In practice, circuits are often combinations of series and parallel connections, sometimes nested. You can simplify these step by step by replacing portions with equivalent components until only a single equivalent element remains.
Example setup.
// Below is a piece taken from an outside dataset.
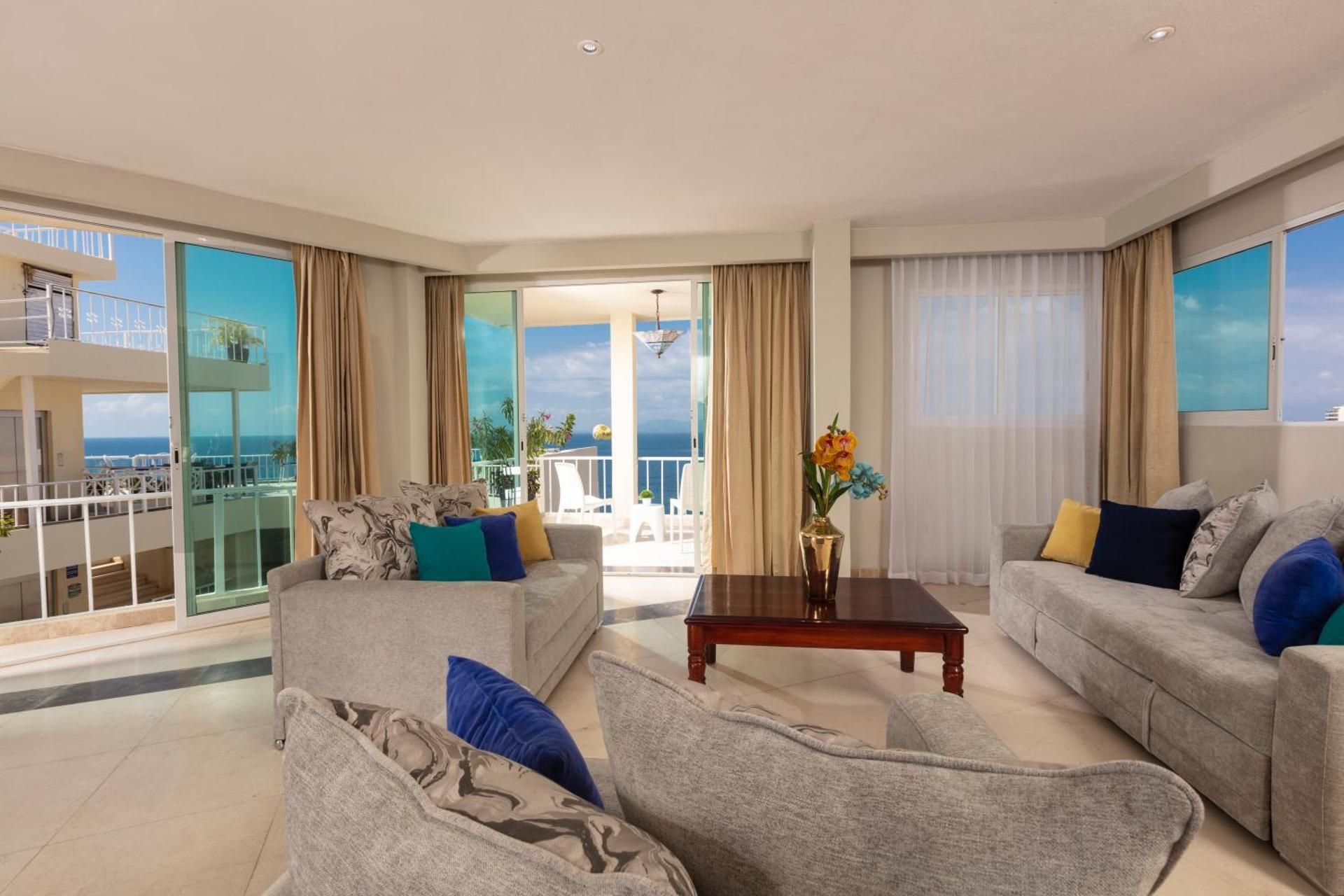 Lush Heaven Master Suite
A resistor \(R_1\) is in series with a parallel branch made of \(R_2\) and \(R_3\).
1) First reduce the parallel branch:
\[
\frac{1}{R_{2\parallel 3}}=\frac{1}{R_2}+\frac{1}{R_3}
\quad\Longrightarrow\quad
R_{2\parallel 3}=\frac{R_2R_3}{R_2+R_3}.
\]
2) Then add the series resistor:
\[
\boxed{\,R_\text{eq}=R_1+R_{2\parallel 3}
=R_1+\frac{R_2R_3}{R_2+R_3}\, }.
\]
Example Problem:
Two resistors \(27\,\Omega\) and \(14\,\Omega\) are in parallel; that branch is in series with \(56\,\Omega\).
\[
R_{2\parallel 3}=\frac{27\cdot14}{27+14}=\frac{378}{41}\approx 9.22\,\Omega,
\qquad
R_\text{eq}=56+9.22\approx \boxed{65.2\,\Omega}.